Recently, computer science professor Rafail Ostrovsky has been involved in developing technologies which play an integral role in a new piece of legislation aiming to help students make more informed decisions on where they go to college. The new bipartisan bill in the U.S. Senate, titled the “Student Right to Know Before You Go Act”, was introduced late last year by Senators Ron Wyden, Mark Warner, and Marco Rubio with the goal of empowering students and their families by requiring universities to publicly provide information on graduation rates, costs, debts, as well as expected salaries of graduates based on their field of study.

“Deciding where to go to college shouldn’t be based on guesswork,” Senator Wyden said during a press release. “The Know Before You Go Act puts the power back in students’ and families’ hands by giving them the opportunity to make the best possible choices for themselves about where to spend their hard-earned dollars. Our updated, bipartisan bill empowers students and families without forcing tradeoffs that sacrifice individual privacy or data security.”

Naturally, providing such information requires the handling of highly private data, so Ostrovsky – who specializes in applications of cryptography – alongside a UCLA startup run by his former students, Stealth Software Technologies, Inc., has been heavily involved in the security technologies mentioned in the bill. More specifically, the technologies being developed aim to analyze and process highly sensitive data without ever decrypting it, in order to ensure privacy of student data. At the same time, because the technologies will securely handle this highly personal data, institutions will be able to provide information that is more specific and more accurate than ever before.

“The idea is basically to enable students to estimate how much more they will be getting (as income) if they get a certain degree at a certain college. This requires comparisons of data from previous students who went to these colleges and their salary history against other people with similar characteristics who did not get such a degree,” Ostrovsky explained. “Obtaining such data is an incredibly sensitive issue: one must compare IRS data with student records, and of course, IRS data cannot be disclosed outside the IRS. This is where cryptography comes to the rescue…these technologies [will allow us] to compute on highly sensitive and personally identifiable information, without sacrificing privacy.”

With the help of these proposed technologies, students will soon be able to more accurately gauge whether going to a certain university is financially worth the costs, as well as which colleges might offer better opportunities for a particular field of study.
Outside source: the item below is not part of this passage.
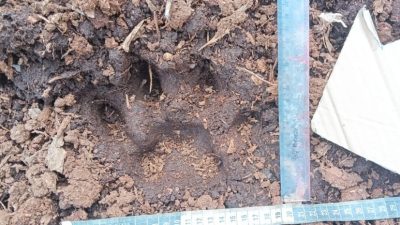 Bocah 12 Tahun Tewas Diterkam Harimau Sumatera di Pelalawan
Publicly offering such information will hopefully act as a step towards curbing student debt, as well as making what college or major to pursue a less stressful decision.

Ostrovsky continued to express his excitement for the project, not only because of its potential to help students and their families make more informed decisions about where their money goes, but also because of its countless applications towards other problems. “If this [project] becomes successful, other studies that are currently impossible may also become possible, such as correlating people’s habits to health records to advise the consumer on what habits lead to better health outcomes,” Ostrovsky said. “This again requires comparing datasets that typically cannot be shared, but thanks to recent advances in cryptography, computations using this data can be made with realistic performance parameters and without compromising individual privacy.”

In the long run, Ostrovsky hopes the technologies that he and his students and postdocs are developing for this bill will be able to be generalized over an even wider variety of contexts – healthcare, online shopping, etc. – in order to optimize consumer experiences and better inform the public while still preserving personal anonymity.